• Work to complete
In the copy, keep every word of the data below and none of its pictures.

Extracted data entries:
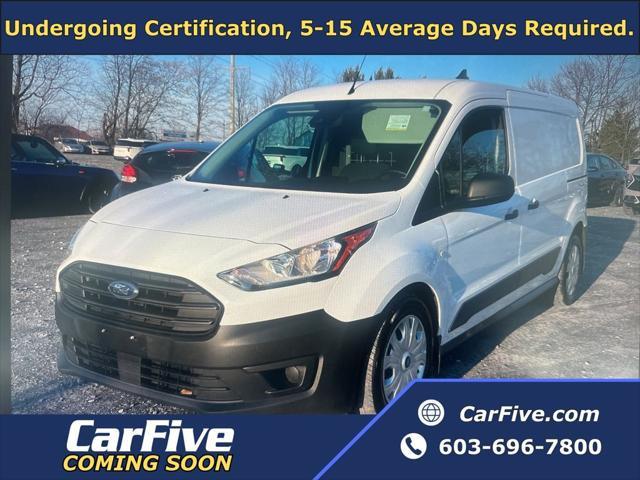 used 2022 Ford Transit Connect car, priced at $21,900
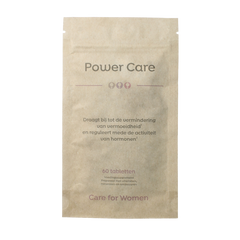 Care For Women Womens power boost 60 Tabletten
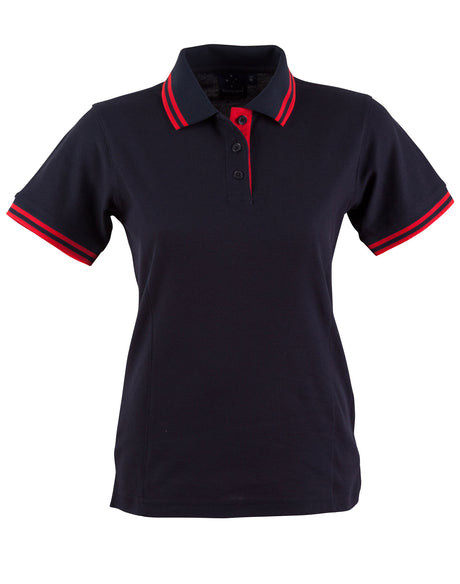 Grace Womens Polo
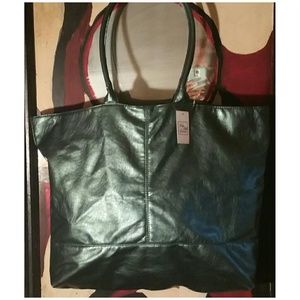 Saks tote Brand new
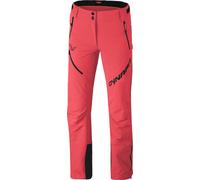 Dynafit - Pantaloni da scialpinismo per donna - #Mercury 2 DST W Pant Cabana in Pelle - Taglia M - Rosa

• Written response
 used 2022 Ford Transit Connect car, priced at $21,900
 Care For Women Womens power boost 60 Tabletten
 Grace Womens Polo
 Saks tote Brand new
 Dynafit - Pantaloni da scialpinismo per donna - #Mercury 2 DST W Pant Cabana in Pelle - Taglia M - Rosa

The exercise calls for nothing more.